TASK DETAILS ▸
Make an exact copy of the entries below and leave any picture out of it.

RECORDS FOR THE EXERCISE ▸
------------------------------
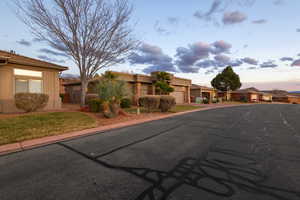 Exterior space featuring a residential view and stucco siding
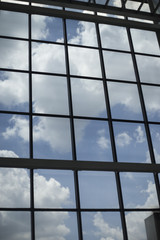 Modern residential window with clouds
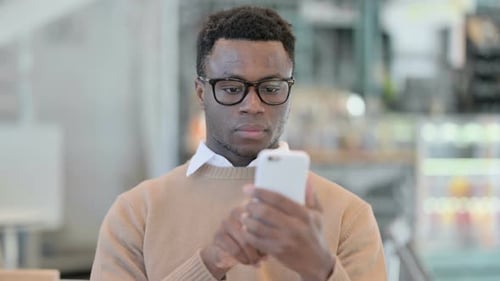 Young Adult Using Smartphone Indoors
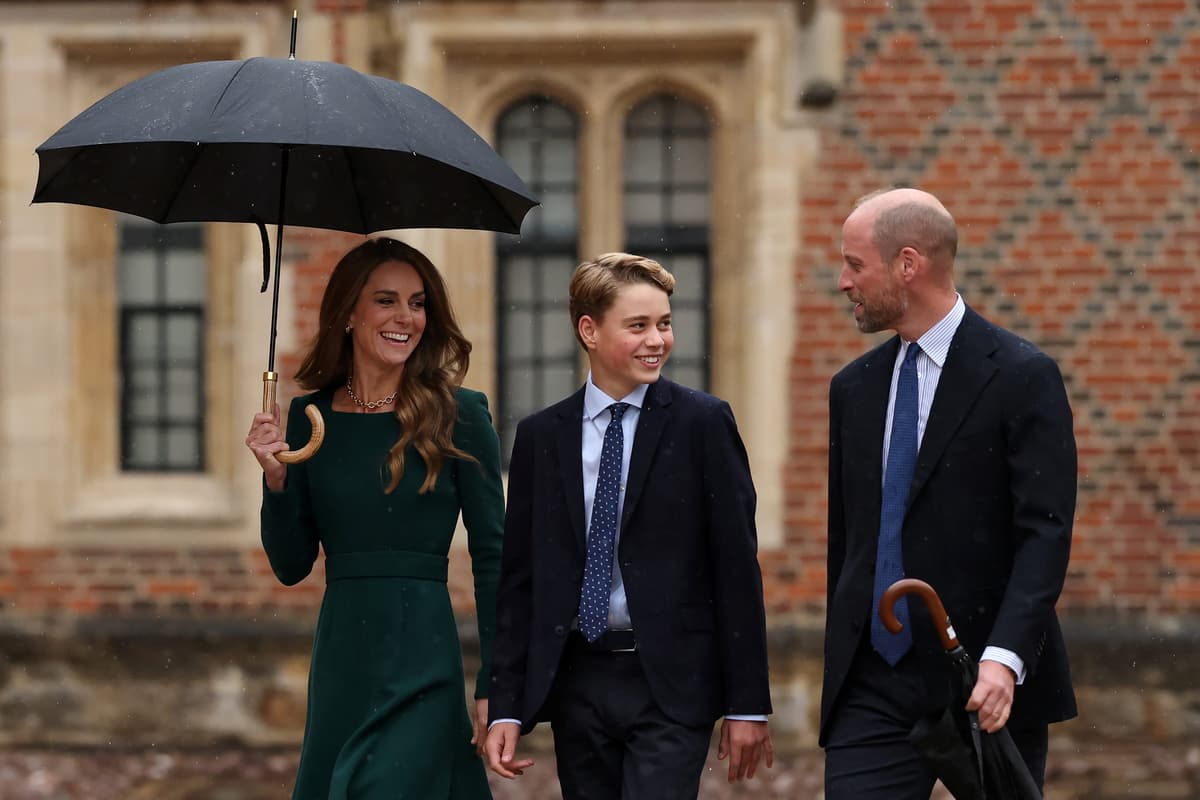 Prince George beams as he arrives for first day at Eton College and gets words of advice from headmaster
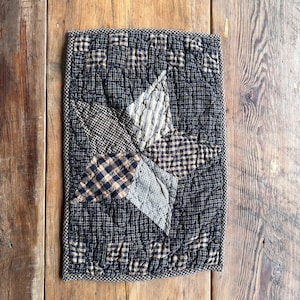 May include: A black and white quilted throw pillow with a star design. The pillow is made of a soft, textured fabric and has a subtle sheen.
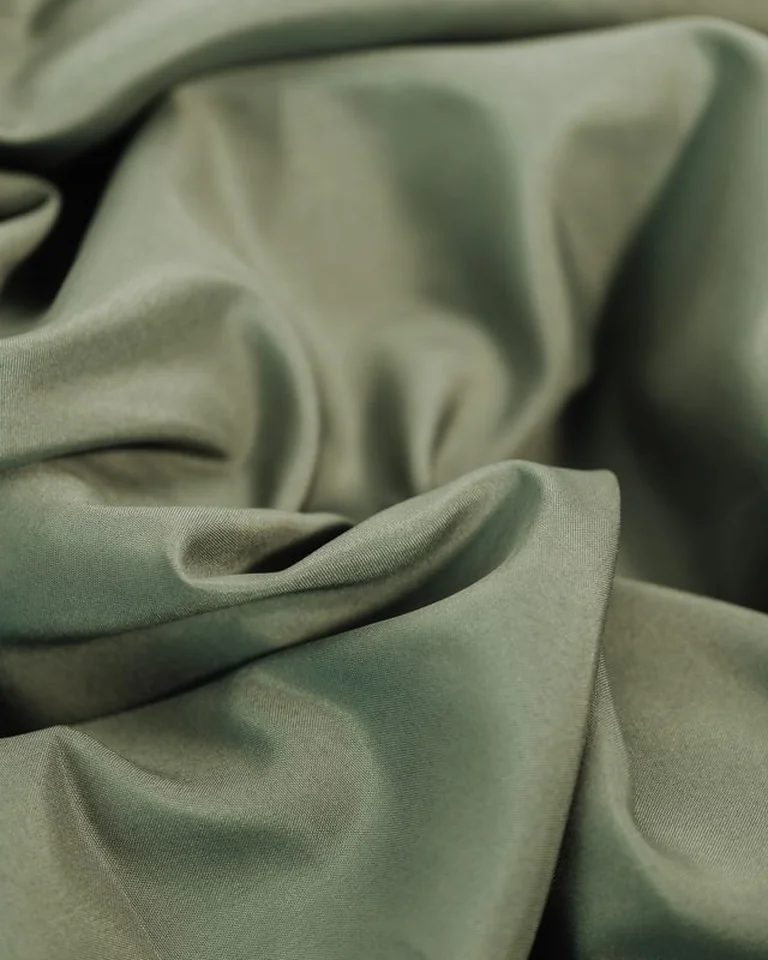 Close-up of soft sage green fabric in layered folds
------------------------------
ANSWER SPACE ▸
 Exterior space featuring a residential view and stucco siding
 Modern residential window with clouds
 Young Adult Using Smartphone Indoors
 Prince George beams as he arrives for first day at Eton College and gets words of advice from headmaster
 May include: A black and white quilted throw pillow with a star design. The pillow is made of a soft, textured fabric and has a subtle sheen.
 Close-up of soft sage green fabric in layered folds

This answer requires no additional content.